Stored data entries
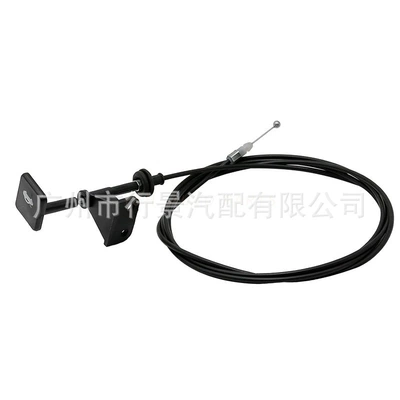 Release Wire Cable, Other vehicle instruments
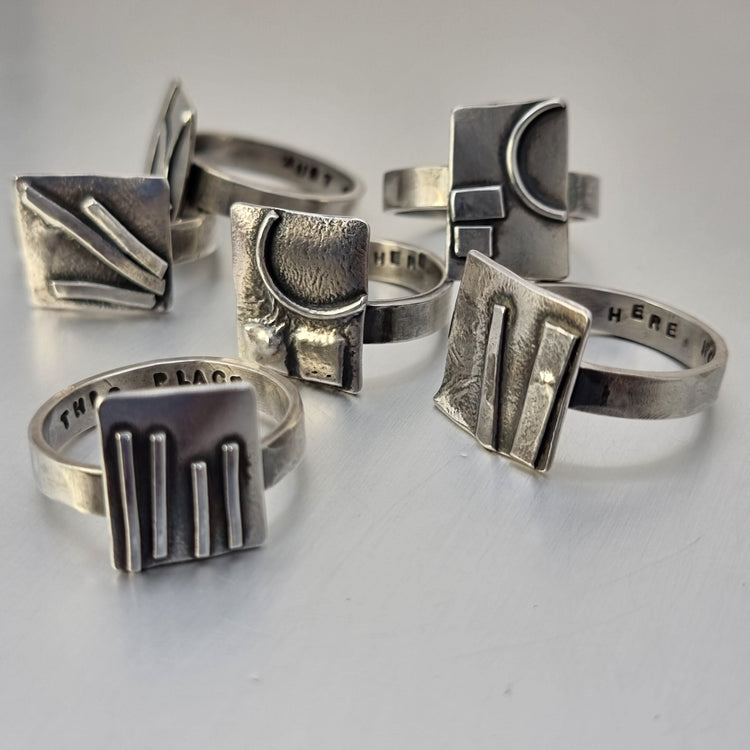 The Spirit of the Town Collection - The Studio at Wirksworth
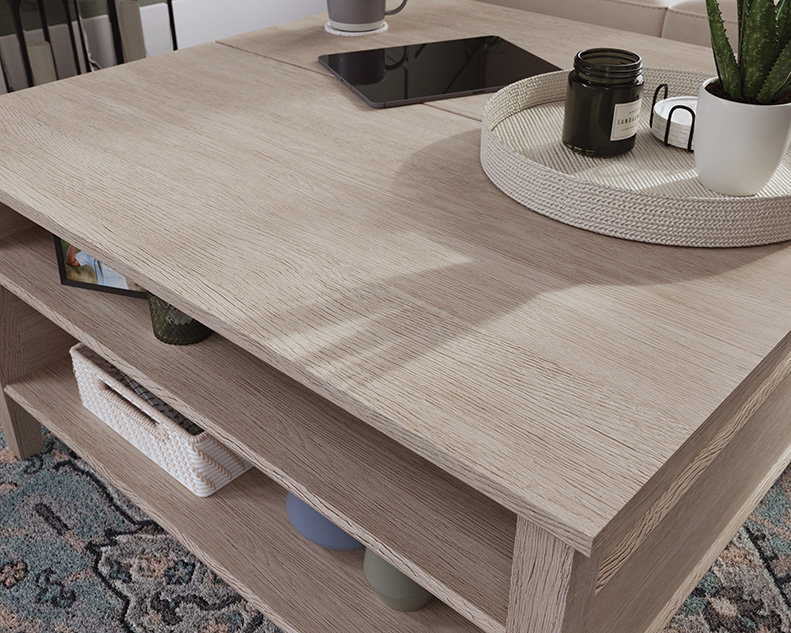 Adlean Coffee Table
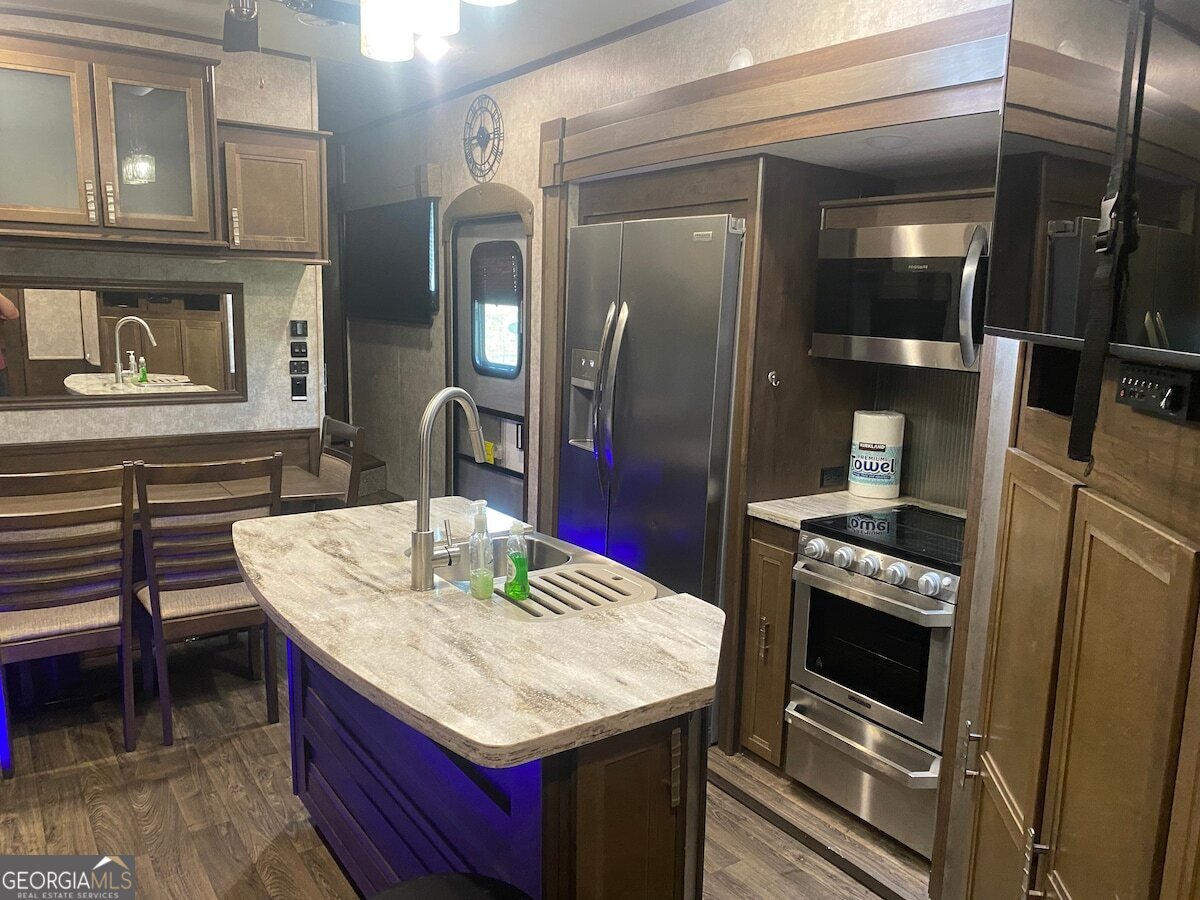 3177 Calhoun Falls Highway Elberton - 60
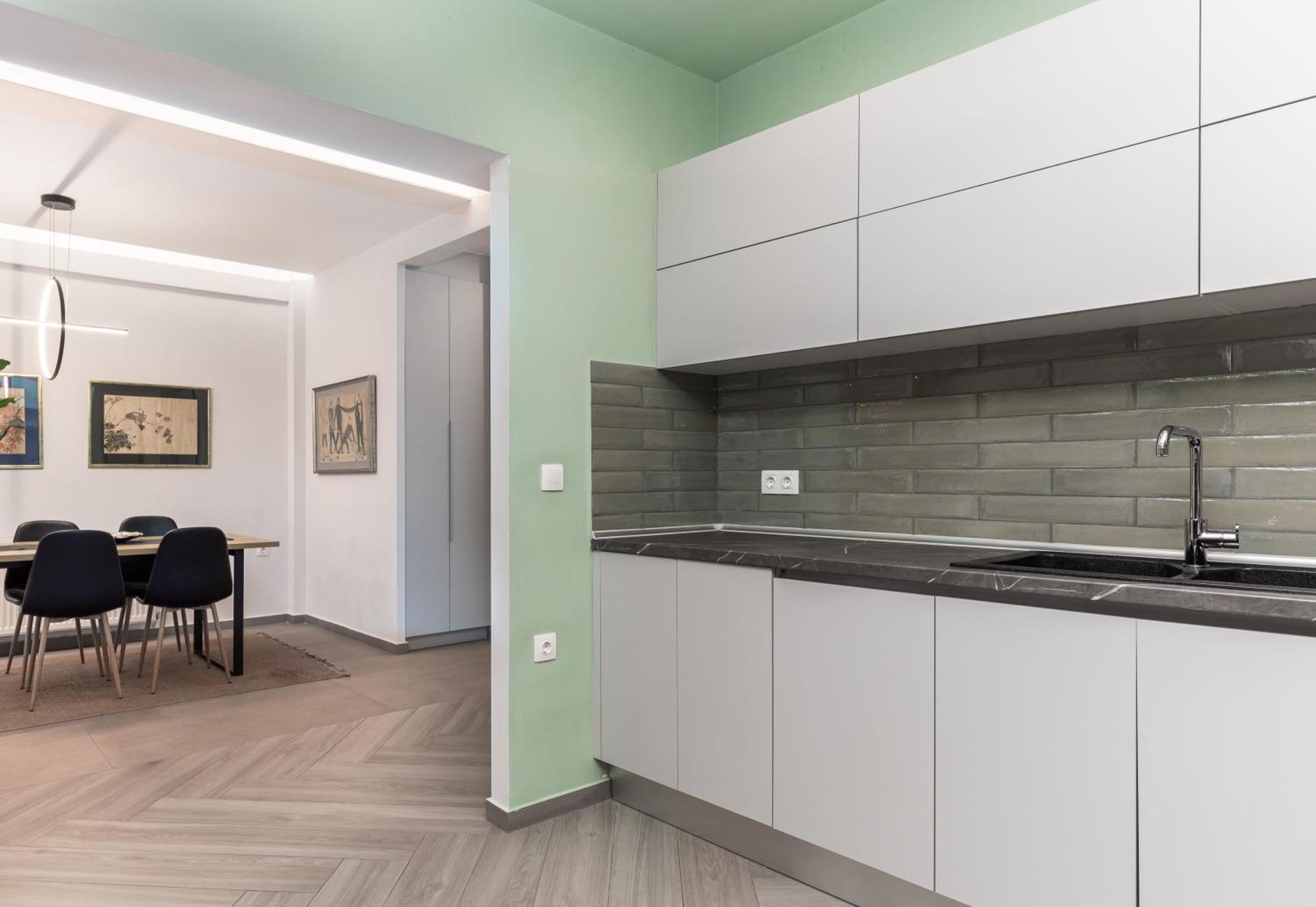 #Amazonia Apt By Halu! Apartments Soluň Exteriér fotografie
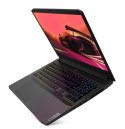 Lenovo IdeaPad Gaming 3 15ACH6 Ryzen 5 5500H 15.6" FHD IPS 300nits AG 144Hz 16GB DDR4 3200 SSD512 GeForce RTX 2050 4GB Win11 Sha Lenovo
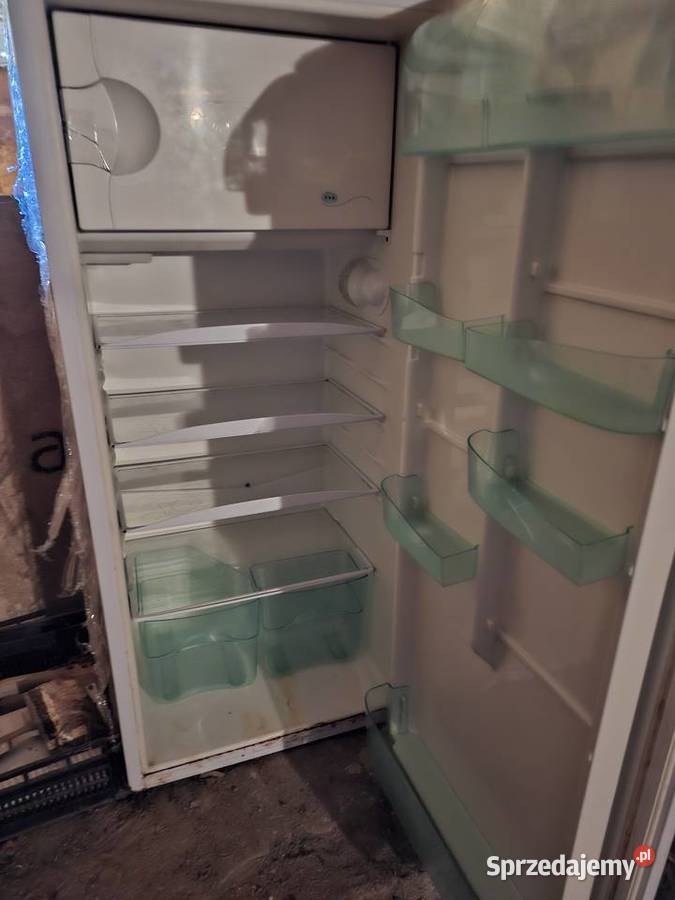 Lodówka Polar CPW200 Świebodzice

#### [Task brief]
Restate every line above word for word. Do not carry over the images.

#### [Exercise response]
 Release Wire Cable, Other vehicle instruments
 The Spirit of the Town Collection - The Studio at Wirksworth
 Adlean Coffee Table
 3177 Calhoun Falls Highway Elberton - 60
 #Amazonia Apt By Halu! Apartments Soluň Exteriér fotografie
 Lenovo IdeaPad Gaming 3 15ACH6 Ryzen 5 5500H 15.6" FHD IPS 300nits AG 144Hz 16GB DDR4 3200 SSD512 GeForce RTX 2050 4GB Win11 Sha Lenovo
 Lodówka Polar CPW200 Świebodzice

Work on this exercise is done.